Tile byte-range reads go through Rasteret's custom async COG reader, not through GDAL's file-opening path.
Related Formats And Tools¶
GeoParquet: Rasteret collection metadata is table-shaped and can be exported with GeoParquet metadata for footprint geometry. Rasteret does not store raster pixel payloads inside GeoParquet.
Parquet Raster: GeoParquet has an alpha raster proposal for representing raster payloads "images-inside-Parquet". Rasteret is a COG index/read engine, not a Parquet-raster writer.

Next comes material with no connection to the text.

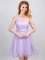 Traditional One Shoulder Sleeveless Lace Up Quinceanera Dama Dress Lavender Tulle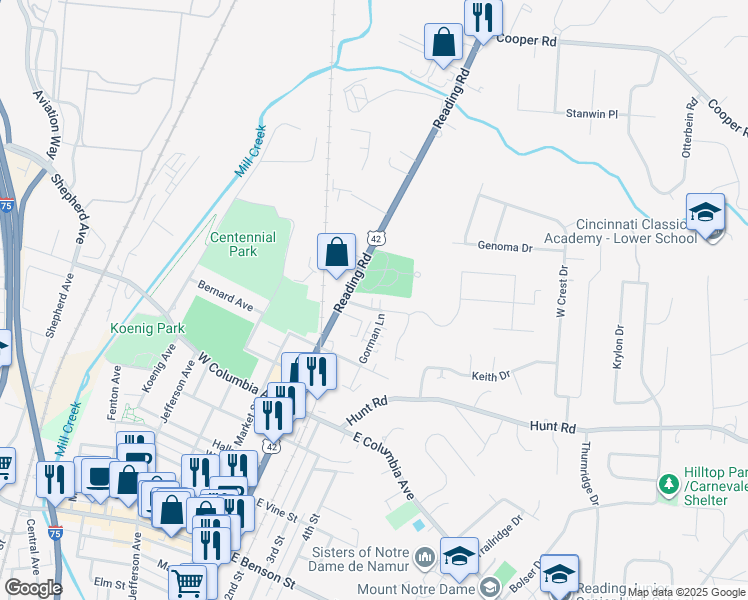 map of restaurants, bars, coffee shops, grocery stores, and more near 18 Gahl Terrace in Cincinnati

TACO / tacoTIFF: TACO packages imagery into a layout with a Parquet manifest.
Rasteret can ingest suitable manifests through build_from_table(...); deeper
layout-aware reads would be a future integration point.
async-geotiff / async-tiff: these are lower-level async TIFF readers. They could replace parts of Rasteret's tile reader in the future if they support the metadata and layout behavior Rasteret needs.
virtual-tiff: exposes TIFF tiles as Zarr-compatible chunks. Rasteret instead reads COG tiles directly from byte ranges using metadata stored in the collection.
When To Use What¶
| Data / task | Usually use |
|---|---|
| Remote tiled GeoTIFFs / COGs with repeated reads | Rasteret |
| One-off local TIFF inspection | rasterio |
| Non-TIFF raster formats such as NetCDF, HDF5, GRIB | rasterio/xarray/TorchGeo-native paths |
| TorchGeo training over COG collections | Rasteret to_torchgeo_dataset(...) |
| Metadata joins, splits, labels, and filtering | Arrow-native tools plus as_collection(...) |
Verification¶
Rasteret's tests compare key output paths against rasterio-style behavior and exercise Arrow/GeoArrow, GeoPandas, TorchGeo, COG reading, cloud routing, and catalog builds. Network-dependent tests are separated from the unit suite and auto-skip when optional credentials or extras are missing.
If you find an interop case where Rasteret output differs from the source tool semantics, please open an issue.